Web page caption snippets:
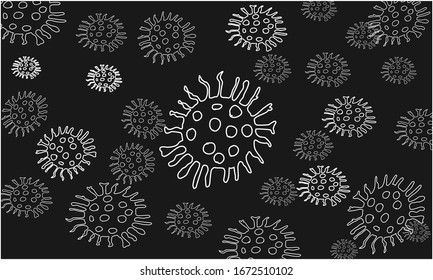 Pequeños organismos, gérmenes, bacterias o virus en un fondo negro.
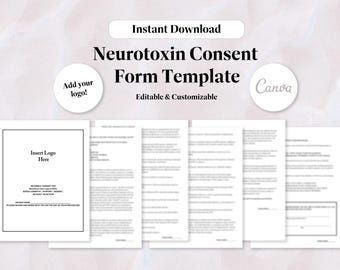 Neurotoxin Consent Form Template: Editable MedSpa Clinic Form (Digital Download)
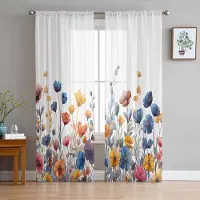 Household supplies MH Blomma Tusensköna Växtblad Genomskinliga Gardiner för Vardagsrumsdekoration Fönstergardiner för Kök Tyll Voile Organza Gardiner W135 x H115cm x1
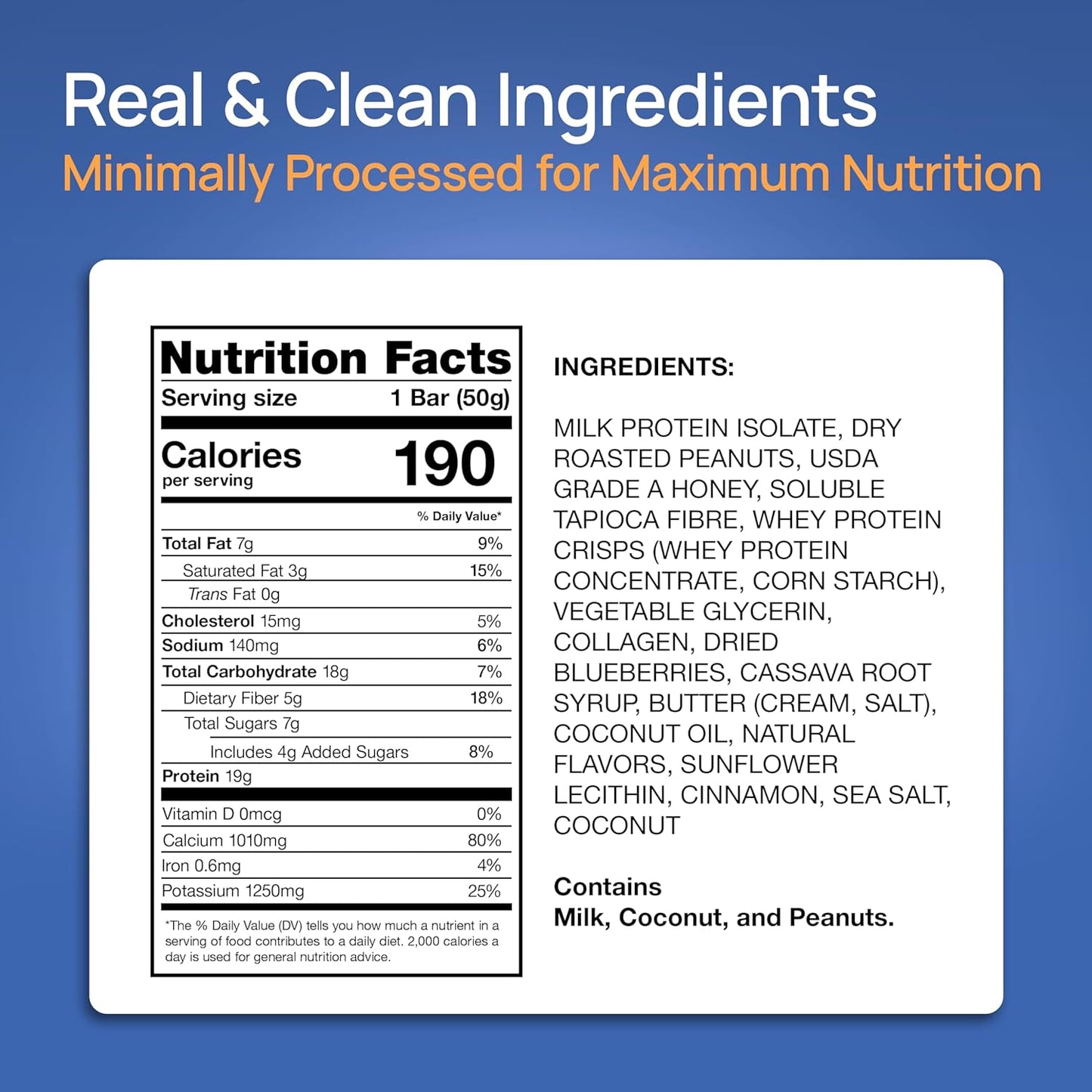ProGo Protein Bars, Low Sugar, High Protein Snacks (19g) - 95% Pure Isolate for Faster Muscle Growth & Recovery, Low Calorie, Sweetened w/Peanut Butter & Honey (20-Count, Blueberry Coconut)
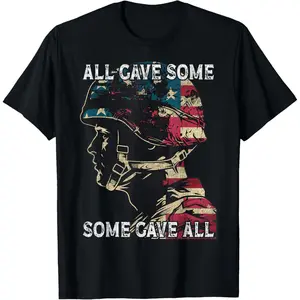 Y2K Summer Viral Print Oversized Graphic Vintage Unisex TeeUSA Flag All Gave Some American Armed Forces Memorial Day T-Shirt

> DIRECTIONS
Print the data once more without any change, skipping each picture.

> SOLUTION TO THIS TASK
 Pequeños organismos, gérmenes, bacterias o virus en un fondo negro.
 Neurotoxin Consent Form Template: Editable MedSpa Clinic Form (Digital Download)
 Household supplies MH Blomma Tusensköna Växtblad Genomskinliga Gardiner för Vardagsrumsdekoration Fönstergardiner för Kök Tyll Voile Organza Gardiner W135 x H115cm x1
ProGo Protein Bars, Low Sugar, High Protein Snacks (19g) - 95% Pure Isolate for Faster Muscle Growth & Recovery, Low Calorie, Sweetened w/Peanut Butter & Honey (20-Count, Blueberry Coconut)
 Y2K Summer Viral Print Oversized Graphic Vintage Unisex TeeUSA Flag All Gave Some American Armed Forces Memorial Day T-Shirt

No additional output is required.